What is a Series I Savings Bond?
Series I Savings Bonds are securities sold by the US Treasury direct to individuals. These savings bonds’ returns are based on a fixed interest rate plus an inflation adjustment that changes twice per year. The inflation adjustment makes these savings bonds more attractive during periods of high inflation, which is why they’re attracting a lot of attention this year.
What is the current yield? Is this yield fixed or variable?
Currently, Series I Savings Bonds are yielding 9.62% annually, which is entirely the result of the inflation adjustment to the bonds. This interest rate changes every six months, so the interest rate will be different for bonds purchased after October of this year.
While this yield is very attractive compared to other fixed income investments, we should note that this interest rate can (and has) been much lower for much of the recent past. In particular, since around May 2008 the fixed rate portion of yield has been near zero and the inflation rate has itself been fairly low over the past 7-8 years. We think it is reasonable to expect that inflation and therefore the variable rate will come back down at some point in the future and–given that the fixed rate portion of the yield is currently zero–we don't think the total return rate of close to 10% will persist over time.

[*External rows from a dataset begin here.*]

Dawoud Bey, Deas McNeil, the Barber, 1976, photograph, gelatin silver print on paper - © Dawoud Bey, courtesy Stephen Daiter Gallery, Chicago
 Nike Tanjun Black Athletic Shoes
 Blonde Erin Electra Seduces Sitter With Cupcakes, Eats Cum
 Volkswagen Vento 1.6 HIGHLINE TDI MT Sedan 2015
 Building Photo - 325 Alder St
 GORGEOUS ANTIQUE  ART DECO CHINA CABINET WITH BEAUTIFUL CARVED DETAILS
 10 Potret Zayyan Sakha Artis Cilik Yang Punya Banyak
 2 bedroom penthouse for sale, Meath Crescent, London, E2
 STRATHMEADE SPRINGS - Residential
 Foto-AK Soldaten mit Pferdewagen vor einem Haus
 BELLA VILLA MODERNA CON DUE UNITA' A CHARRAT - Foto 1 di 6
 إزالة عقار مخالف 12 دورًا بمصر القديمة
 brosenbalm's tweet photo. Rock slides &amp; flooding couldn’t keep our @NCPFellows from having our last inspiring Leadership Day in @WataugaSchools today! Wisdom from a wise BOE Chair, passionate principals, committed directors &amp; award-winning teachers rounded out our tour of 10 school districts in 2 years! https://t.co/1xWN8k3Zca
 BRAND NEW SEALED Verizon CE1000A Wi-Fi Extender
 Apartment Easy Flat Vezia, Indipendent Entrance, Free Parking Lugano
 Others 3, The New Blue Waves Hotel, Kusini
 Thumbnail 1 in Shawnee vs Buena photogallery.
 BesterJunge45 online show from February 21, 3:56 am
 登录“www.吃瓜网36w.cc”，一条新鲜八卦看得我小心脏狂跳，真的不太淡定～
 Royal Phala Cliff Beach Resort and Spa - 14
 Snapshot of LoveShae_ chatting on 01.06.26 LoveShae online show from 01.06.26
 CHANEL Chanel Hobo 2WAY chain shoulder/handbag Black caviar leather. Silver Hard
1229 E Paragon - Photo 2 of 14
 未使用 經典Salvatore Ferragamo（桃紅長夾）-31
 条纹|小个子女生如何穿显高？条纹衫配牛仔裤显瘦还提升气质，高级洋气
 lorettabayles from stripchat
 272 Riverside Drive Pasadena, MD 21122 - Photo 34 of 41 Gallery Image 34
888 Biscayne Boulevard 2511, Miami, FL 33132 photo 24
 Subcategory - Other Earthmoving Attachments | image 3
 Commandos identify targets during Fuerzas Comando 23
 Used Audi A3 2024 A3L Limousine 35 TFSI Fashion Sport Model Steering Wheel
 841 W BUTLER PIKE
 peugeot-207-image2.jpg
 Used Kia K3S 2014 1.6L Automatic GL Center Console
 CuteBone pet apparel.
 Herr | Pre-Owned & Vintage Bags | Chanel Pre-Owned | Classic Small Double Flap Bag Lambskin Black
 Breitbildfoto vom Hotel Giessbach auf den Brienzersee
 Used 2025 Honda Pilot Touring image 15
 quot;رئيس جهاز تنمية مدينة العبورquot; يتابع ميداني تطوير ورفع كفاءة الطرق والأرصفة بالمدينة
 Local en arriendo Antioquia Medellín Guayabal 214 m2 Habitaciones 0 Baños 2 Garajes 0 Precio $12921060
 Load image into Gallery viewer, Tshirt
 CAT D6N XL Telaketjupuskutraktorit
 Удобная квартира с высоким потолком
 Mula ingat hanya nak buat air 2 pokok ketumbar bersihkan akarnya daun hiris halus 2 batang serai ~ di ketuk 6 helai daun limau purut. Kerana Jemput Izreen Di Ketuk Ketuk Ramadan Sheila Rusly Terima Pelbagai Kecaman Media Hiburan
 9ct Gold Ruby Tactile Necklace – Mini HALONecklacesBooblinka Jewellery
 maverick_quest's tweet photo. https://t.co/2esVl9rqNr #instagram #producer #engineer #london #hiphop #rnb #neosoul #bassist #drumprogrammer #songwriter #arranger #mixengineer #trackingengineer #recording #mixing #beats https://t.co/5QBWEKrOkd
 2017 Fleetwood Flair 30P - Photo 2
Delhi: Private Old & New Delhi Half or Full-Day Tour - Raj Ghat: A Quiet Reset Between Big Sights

How do you buy Series I Savings Bonds?
Series I Savings Bonds can only be purchased directly, via the Treasury Direct government website, TreasuryDirect.gov. They can’t be bought or sold within a brokerage account.
How do I receive the interest on my investment?
The interest on Series I savings bonds accrues: this means that any interest earned gets deposited back into the Series I Savings Bond investment. As a result, Series I savings bonds may be less suitable for retirees and other individuals who are trying to use the income from their investments to pay for their current expenses.
How long do these savings bonds last? Can I get out early?
Series I savings bonds have a 30-year life. An investor can redeem their Series I savings bonds after five years with no penalty, or after twelve months with a penalty of the past three months’ worth of interest.
Are there limits on how much investors can buy?
Yes…Individuals are entitled to purchase up to $10,000 per calendar year electronically through Treasury Direct. Married couples can purchase up to $20,000 total. Additionally, investors may purchase up to $5,000 of Series I Savings Bonds in paper form by using funds from their tax refund.
I’ve heard that bonds go down in price when interest rates increase. How does this affect Series I Savings Bonds?
That principle only applies to bonds that are bought and sold on the open market. (If you own a bond that pays 2% interest but rates go up and there are other bonds that are now paying 3% interest, your bond probably isn’t as valuable if you try to sell it to another investor.)
Since investors redeem their Series I savings bonds directly from the US Treasury, they’re guaranteed to always be worth their face value. The US Treasury returns the initial amount invested plus any interest earned.